Budget presenters told the Senate committee that new high-cost drugs — particularly one-time gene therapies and expanding clinical uses of GLP‑1 medicines — present a material cost risk not fully captured in the current fiscal estimate.

At the Senate Health & Welfare Committee meeting on March 20, Medicaid budget staff highlighted pharmacy as a significant area of uncertainty for next year's spending.

Presenters said the department's current estimate did not fully capture some emerging coverage pressures, including requests tied to sleep apnea and expanded indications for GLP‑1 medications. They also flagged the arrival of very high‑cost gene therapies — examples cited in the meeting included hemophilia therapies with per‑case prices in the millions — that can carry limited or uncertain rebate structures and additional non‑drug costs such as travel and inpatient care for administration.
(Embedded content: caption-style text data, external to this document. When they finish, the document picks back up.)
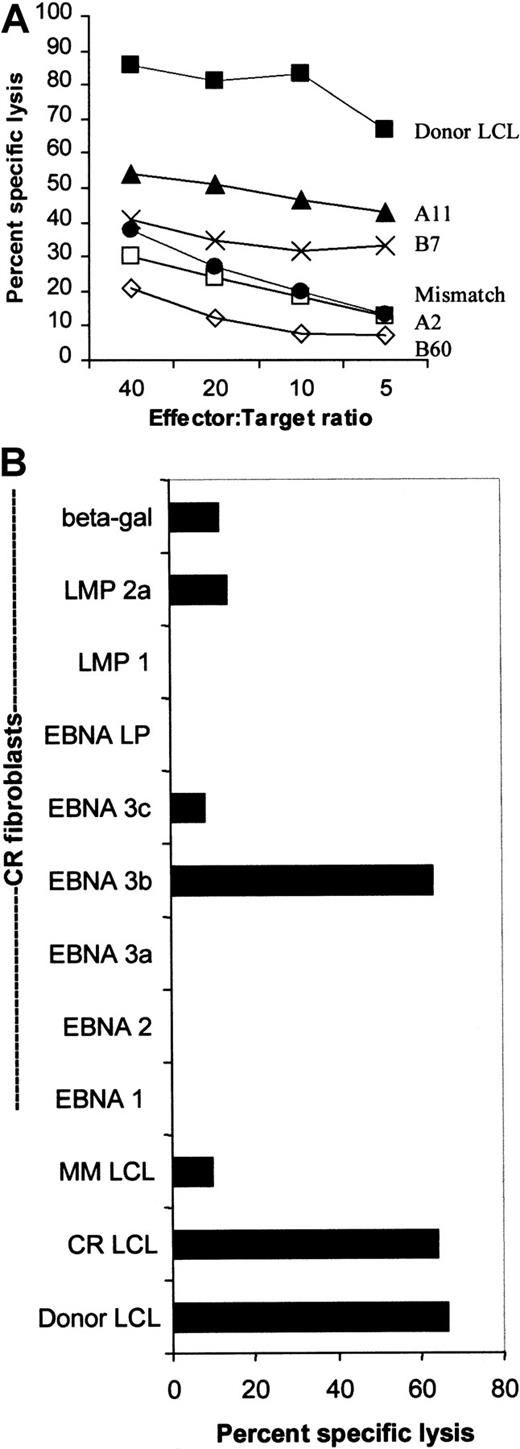 Fig. 3. The donor CTL line was restricted through HLA-A11 and specific for EBNA-3B. / (A) The donor CTL line was tested for its ability to kill B95-8–derived LCLs from individuals who shared only one of each of its HLA class I antigens. Killing is shown across a range of effector:target ratios and was restricted mostly through HLA-A11. Killing through A2 and B60 was less than killing of an HLA class I MM-LCL. (B) The donor CTL line was EBNA-3B–specific. The donor, CR, shared HLA-A2, -A11, and -B7 with the CTL donor. This chromium release assay shows that the CR-LCLs and the donor LCLs were equally sensitive to killing by the donor CTL line. CR-derived dermal fibroblasts were infected with vaccinia virus recombinants expressing EBNAs 1, 2, 3A, 3B, 3C and LP as well as LMP1, LMP2, and the Escherichia coli–derived β-galactosidase gene. Only killing of EBNA-3B–expressing fibroblasts was greater than background killing of β-galactosidase–expressing fibroblasts.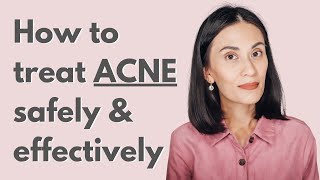 Safe and Effective Treatment for Mild to Moderate Acne  Dr Gaile RobredoVitas [upl. by Alios]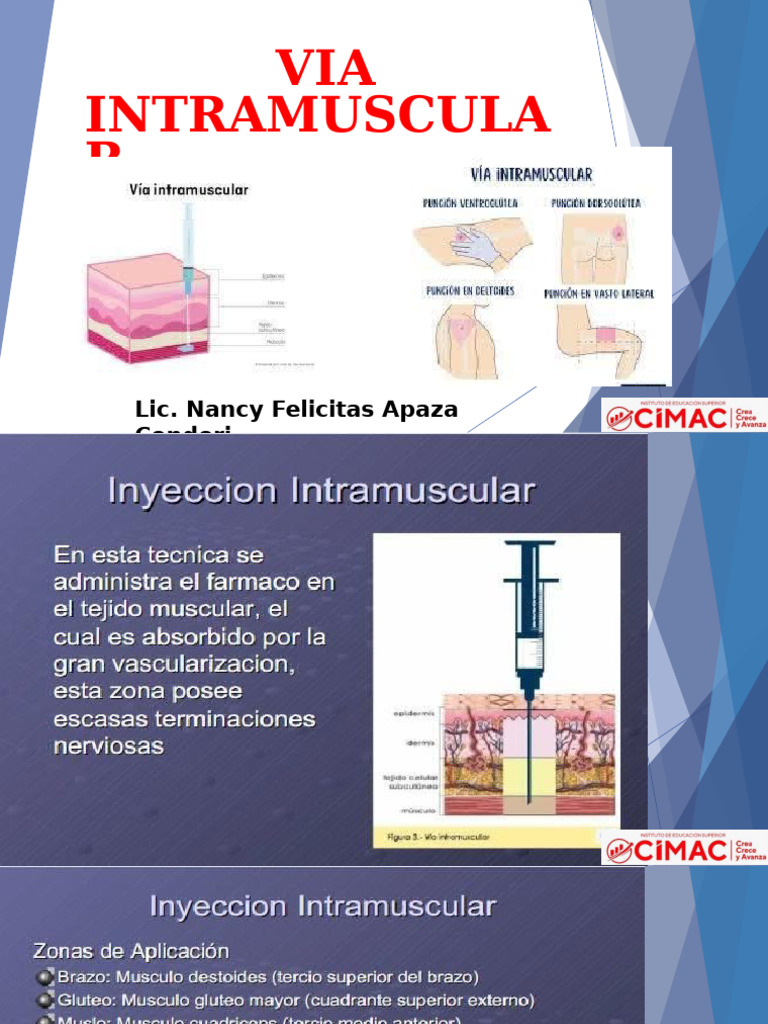 Inyecciones Intramusculares: Guía de Zonas | PDF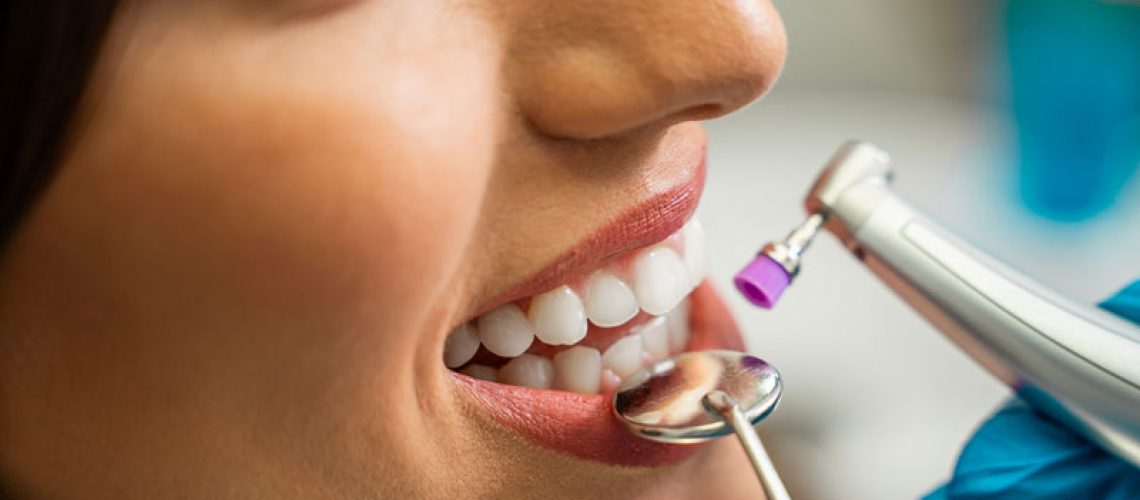 Closeup shot of a women getting a teeth whitening treatment, young woman patient.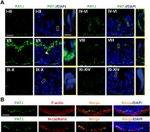 N-cadherin Antibody in Immunohistochemistry (IHC)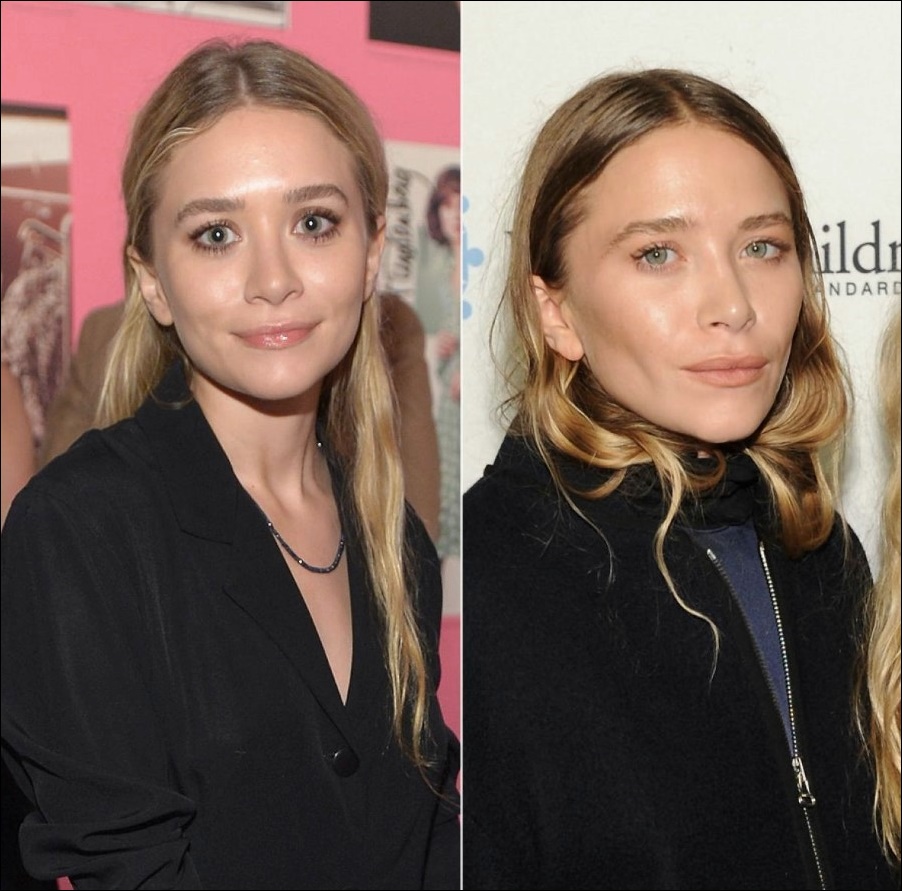 Mary-Kate Olsen plastische Chirurgie, um sich von Ashley zu unterscheiden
The department said pharmacy pressures can first appear as case‑level expenditures and then emerge in utilization and PMPM figures over time; missing these early signals can cause later upward adjustments to the caseload/utilization line. Officials said they monitor PBM negotiations and national trends but acknowledged pricing and rebate arrangements for some novel therapies remain a negotiation and forecasting challenge.

Ending: Senators and staff asked for ongoing updates as new coverage requests and utilization patterns emerge, so the budget office can incorporate pharmacy trends into quarterly PMPM monitoring.